Work starts on £12.5m life sciences research hub in Dundee
Released: Wednesday 11th July 2012
By PETER RANSCOMBE
Published on Wednesday 11 July 2012 00:00
SCOTLAND’S life sciences companies were given a boost yesterday as building work got under way for a centre in Dundee to bring together academics and industrialists, which will initially create 200 research jobs.
The £12.5 million Centre for Translational & Interdisciplinary Research (CTIR) will house more than 1,000 scientists and support staff when it opens next year and is expected to attract drugs developers and other firms.
Michael Ferguson, dean of research at Dundee University’s college of life sciences, said the institution was already leading the field in research on tropical diseases such as malaria, sleeping sickness and tuberculosis.
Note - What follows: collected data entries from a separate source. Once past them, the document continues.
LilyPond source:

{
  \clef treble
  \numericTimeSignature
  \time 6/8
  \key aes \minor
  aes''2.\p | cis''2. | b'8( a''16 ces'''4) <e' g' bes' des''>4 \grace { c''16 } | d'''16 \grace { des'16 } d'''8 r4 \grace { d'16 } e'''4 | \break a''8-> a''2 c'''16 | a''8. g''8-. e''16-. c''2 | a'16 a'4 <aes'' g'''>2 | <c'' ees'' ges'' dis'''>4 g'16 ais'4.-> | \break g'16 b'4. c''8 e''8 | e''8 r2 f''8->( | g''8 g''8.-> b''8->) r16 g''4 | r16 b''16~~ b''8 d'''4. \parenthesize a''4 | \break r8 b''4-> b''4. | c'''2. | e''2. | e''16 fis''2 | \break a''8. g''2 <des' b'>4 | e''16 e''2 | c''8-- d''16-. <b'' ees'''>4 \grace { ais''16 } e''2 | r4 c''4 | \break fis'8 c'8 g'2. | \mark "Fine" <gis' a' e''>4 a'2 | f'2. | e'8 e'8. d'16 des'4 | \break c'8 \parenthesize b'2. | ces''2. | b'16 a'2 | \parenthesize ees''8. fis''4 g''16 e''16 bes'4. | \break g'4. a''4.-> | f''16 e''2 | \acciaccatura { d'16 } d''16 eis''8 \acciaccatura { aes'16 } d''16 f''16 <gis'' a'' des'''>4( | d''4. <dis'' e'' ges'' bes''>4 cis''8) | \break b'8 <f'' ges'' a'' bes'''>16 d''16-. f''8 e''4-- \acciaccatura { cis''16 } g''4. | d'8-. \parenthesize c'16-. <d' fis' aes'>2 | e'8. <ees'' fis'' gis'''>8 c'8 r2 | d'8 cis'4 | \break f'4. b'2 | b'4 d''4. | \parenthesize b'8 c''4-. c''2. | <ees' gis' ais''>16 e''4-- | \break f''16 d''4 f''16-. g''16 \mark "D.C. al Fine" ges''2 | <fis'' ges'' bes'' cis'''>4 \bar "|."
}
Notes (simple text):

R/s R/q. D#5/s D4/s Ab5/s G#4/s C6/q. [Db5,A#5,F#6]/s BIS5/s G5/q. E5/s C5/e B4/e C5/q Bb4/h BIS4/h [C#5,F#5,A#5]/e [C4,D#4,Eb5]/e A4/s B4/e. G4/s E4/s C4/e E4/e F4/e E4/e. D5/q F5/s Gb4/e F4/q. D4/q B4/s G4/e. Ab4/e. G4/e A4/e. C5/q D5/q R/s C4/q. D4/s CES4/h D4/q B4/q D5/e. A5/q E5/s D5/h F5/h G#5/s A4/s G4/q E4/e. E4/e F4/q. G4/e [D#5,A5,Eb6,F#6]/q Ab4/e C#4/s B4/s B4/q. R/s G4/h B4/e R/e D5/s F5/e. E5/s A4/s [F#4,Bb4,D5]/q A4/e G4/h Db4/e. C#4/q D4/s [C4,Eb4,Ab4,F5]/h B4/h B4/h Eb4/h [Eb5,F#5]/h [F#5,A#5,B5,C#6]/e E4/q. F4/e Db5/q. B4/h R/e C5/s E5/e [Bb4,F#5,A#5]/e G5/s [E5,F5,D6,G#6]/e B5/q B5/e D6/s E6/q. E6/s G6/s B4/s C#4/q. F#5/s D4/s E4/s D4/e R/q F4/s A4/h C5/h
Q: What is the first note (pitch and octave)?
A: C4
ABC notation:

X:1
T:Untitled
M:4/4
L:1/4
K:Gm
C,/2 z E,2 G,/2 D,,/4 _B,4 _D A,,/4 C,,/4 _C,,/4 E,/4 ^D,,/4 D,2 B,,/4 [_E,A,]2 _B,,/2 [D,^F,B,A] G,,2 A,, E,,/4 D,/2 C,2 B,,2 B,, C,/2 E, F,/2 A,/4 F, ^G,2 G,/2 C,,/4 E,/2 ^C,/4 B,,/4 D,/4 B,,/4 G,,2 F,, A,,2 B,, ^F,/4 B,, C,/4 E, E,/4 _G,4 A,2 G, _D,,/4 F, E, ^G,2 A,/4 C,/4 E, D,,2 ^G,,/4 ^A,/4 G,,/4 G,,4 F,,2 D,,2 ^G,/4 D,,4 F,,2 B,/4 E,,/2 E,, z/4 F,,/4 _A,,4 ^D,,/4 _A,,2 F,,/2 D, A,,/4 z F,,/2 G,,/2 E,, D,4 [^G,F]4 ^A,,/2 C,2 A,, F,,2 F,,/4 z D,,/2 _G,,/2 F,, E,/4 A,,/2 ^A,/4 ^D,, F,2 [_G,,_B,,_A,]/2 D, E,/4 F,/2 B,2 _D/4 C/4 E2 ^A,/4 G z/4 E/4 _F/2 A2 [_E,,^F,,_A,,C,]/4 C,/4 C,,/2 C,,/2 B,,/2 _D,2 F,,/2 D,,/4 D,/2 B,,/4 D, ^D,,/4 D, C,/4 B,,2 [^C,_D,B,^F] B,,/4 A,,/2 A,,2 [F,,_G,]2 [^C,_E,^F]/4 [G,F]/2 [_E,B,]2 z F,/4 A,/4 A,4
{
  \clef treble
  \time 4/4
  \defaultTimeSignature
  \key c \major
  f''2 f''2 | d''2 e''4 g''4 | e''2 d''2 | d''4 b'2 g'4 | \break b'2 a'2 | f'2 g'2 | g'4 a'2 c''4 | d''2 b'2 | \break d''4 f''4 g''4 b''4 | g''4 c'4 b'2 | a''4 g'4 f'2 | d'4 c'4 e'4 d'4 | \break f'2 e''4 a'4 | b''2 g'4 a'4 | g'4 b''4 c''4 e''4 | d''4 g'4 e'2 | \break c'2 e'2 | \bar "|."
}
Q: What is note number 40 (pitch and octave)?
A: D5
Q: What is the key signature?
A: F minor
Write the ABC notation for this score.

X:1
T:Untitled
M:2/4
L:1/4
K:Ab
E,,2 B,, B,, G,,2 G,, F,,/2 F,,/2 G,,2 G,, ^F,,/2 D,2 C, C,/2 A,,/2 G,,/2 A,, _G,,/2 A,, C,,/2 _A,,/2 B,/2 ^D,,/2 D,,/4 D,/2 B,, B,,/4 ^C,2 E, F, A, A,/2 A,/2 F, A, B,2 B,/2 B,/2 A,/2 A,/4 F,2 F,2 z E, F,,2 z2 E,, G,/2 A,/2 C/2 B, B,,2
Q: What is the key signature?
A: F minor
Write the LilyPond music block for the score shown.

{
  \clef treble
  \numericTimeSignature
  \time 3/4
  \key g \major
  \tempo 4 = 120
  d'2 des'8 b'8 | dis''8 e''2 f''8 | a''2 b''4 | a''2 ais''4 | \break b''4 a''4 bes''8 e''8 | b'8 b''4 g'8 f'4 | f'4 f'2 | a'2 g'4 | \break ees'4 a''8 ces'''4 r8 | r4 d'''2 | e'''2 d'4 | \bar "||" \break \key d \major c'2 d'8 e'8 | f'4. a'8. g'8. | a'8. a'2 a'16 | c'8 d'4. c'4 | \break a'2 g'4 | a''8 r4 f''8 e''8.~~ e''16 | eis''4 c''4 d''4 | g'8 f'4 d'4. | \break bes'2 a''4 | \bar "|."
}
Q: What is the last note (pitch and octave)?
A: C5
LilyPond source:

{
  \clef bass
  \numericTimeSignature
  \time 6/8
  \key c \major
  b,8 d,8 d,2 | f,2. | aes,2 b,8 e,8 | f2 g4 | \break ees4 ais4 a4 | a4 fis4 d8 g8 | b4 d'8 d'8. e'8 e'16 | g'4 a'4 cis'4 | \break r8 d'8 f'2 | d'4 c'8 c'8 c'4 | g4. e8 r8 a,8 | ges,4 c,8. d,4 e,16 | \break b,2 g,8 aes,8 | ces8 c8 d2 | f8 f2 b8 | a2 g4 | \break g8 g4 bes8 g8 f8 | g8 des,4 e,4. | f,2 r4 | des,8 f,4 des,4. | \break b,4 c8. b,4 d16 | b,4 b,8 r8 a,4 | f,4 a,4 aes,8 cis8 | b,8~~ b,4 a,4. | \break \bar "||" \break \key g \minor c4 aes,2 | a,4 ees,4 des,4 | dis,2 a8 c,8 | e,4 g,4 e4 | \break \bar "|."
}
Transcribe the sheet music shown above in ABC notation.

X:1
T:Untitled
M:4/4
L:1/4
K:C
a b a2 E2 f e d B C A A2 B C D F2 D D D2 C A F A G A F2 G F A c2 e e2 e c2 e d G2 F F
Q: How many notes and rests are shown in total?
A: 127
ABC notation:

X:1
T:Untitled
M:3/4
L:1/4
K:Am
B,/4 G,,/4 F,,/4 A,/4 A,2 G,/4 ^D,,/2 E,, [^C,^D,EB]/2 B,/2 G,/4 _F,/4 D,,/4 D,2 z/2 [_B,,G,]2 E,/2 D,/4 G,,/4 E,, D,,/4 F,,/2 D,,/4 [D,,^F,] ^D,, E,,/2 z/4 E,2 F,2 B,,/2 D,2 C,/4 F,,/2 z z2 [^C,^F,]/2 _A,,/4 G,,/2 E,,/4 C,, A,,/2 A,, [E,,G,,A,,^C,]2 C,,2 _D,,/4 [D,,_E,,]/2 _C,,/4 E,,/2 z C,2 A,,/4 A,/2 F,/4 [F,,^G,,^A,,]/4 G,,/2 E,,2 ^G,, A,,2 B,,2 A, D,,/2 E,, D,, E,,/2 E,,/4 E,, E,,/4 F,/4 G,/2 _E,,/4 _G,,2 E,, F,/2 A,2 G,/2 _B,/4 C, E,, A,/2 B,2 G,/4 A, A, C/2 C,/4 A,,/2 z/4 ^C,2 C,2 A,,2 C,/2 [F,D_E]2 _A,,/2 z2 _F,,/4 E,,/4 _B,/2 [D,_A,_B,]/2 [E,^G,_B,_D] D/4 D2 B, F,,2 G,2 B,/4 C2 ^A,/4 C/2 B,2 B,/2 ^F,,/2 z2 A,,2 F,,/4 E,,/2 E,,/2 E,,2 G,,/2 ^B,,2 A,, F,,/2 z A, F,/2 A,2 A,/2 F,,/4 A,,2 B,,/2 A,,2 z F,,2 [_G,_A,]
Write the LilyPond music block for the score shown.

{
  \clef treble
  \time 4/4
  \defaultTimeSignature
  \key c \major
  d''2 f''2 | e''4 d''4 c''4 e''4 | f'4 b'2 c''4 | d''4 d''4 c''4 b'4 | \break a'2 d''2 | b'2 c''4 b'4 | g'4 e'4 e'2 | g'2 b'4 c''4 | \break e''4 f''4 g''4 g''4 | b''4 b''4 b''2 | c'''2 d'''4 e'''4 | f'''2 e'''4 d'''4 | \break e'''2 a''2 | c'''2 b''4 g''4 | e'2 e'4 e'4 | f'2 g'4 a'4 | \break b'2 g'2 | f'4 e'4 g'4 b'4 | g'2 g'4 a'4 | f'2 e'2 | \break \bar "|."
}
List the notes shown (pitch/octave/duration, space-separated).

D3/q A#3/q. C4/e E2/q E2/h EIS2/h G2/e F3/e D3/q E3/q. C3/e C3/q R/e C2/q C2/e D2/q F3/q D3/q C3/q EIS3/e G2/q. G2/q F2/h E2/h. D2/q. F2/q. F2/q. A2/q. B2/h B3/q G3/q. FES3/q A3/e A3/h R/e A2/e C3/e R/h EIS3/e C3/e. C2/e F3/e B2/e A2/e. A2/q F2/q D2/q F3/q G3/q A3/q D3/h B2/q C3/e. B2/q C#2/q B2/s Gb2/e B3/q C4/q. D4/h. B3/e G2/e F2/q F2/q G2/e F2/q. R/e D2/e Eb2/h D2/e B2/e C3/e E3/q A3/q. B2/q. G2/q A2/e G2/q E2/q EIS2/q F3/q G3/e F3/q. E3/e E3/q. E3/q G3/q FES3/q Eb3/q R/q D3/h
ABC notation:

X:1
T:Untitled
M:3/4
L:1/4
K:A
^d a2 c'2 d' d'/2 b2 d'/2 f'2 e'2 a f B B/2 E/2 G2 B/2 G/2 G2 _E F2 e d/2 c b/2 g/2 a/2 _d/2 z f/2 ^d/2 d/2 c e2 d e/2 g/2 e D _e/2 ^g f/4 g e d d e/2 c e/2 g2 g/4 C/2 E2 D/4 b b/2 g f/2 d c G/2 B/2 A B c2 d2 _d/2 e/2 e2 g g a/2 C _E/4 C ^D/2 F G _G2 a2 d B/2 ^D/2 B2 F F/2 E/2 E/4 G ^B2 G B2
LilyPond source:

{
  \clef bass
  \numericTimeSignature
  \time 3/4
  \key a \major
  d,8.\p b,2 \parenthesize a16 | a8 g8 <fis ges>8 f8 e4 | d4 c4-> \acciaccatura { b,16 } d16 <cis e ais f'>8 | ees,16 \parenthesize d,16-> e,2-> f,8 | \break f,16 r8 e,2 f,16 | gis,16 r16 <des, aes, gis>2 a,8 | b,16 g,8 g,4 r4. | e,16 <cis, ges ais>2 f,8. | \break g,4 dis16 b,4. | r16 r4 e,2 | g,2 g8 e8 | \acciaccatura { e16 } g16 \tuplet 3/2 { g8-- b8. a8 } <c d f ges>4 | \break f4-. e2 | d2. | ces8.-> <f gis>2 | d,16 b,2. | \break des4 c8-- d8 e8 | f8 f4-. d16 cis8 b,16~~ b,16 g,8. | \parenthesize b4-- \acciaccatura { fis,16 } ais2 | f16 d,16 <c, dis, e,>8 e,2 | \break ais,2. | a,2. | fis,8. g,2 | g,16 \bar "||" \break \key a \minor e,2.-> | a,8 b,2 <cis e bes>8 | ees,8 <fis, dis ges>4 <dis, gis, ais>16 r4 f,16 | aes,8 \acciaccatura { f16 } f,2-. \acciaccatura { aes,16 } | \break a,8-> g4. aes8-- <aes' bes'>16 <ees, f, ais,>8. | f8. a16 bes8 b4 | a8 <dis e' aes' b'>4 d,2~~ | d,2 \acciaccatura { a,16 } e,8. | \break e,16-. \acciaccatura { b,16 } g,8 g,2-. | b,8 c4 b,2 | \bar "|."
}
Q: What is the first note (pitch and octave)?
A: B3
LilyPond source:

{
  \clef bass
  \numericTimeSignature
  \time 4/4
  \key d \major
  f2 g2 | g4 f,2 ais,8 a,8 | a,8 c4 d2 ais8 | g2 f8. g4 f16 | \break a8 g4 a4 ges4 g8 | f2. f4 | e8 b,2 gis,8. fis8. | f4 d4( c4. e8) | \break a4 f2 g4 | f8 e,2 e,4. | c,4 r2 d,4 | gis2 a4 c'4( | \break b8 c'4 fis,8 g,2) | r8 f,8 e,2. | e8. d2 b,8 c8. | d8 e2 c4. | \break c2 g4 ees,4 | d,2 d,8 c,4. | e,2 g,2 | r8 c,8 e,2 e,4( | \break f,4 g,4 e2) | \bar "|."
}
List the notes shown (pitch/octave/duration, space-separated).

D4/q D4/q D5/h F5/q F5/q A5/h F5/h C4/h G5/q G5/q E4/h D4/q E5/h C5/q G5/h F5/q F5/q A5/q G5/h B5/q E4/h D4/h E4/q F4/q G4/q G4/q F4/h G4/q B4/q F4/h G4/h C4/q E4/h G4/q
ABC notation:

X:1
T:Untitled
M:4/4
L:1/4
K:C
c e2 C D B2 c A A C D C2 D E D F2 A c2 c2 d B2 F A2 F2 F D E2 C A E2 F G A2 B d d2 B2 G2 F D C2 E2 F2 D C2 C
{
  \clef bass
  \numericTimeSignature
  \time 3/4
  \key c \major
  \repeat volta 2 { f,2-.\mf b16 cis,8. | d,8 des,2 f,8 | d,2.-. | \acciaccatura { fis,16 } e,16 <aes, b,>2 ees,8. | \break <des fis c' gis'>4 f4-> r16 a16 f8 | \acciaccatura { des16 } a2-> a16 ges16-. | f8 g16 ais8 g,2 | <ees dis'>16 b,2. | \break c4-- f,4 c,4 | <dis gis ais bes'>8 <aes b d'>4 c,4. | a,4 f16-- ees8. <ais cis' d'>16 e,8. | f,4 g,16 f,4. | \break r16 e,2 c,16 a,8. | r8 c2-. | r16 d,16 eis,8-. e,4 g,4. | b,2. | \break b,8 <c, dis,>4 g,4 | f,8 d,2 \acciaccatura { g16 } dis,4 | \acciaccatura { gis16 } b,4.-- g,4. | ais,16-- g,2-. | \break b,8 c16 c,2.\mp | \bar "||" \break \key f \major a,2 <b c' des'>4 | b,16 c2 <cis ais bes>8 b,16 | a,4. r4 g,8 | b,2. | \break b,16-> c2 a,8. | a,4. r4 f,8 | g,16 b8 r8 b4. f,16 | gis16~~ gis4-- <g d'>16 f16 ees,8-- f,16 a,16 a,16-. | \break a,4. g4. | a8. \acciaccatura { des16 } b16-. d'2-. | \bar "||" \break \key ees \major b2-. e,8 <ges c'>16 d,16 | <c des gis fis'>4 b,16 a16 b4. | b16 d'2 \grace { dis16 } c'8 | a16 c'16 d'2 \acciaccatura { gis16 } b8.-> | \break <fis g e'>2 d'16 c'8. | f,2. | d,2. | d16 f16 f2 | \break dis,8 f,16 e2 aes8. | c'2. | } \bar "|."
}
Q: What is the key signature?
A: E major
Now Ferguson hopes the CTIR will help the university to develop treatments for cancer, eczema and other diseases.
“Universities are very good at innovation,” said Ferguson. “What they haven’t been quite so good at is developing the capability to translate that innovation into new medicines and applications. This centre will help us provide that bridging point.”
Graeme Boyle, senior programme manager at Health Science Scotland, the body set up by health boards and universities to promote Scotland as a centre for research, said the CTIR would pay dividends for the whole country. “The new centre will help to promote Scotland internationally as a destination for drug developers and other companies and it will also help to bring universities researchers and businesses together to share information and share ideas,” he said.
“Bringing researchers and companies together in clusters like Dundee creates a ‘virtuous circle’ because it helps to grow the industry. The centre will not just promote Dundee but also the whole of Scotland.”
Funding for the CTIR has come from donations by charities, as well as £4.9m from the Wellcome Trust and £5m from the university itself.
Scott Johnstone, chief executive of the Scottish Lifesciences Association (SLA) trade body, said: “It’s great to see this boost in translational funding.
“To have this on the doorstep of member companies such as CXR Biosciences, Cyclacel, Integrated Magnetics and Onorach will strengthen the attraction of developing new therapies in Scotland. SLA member companies have a track record in raising the significant funding to develop these innovations into products and we welcome any investment by the government in translational research”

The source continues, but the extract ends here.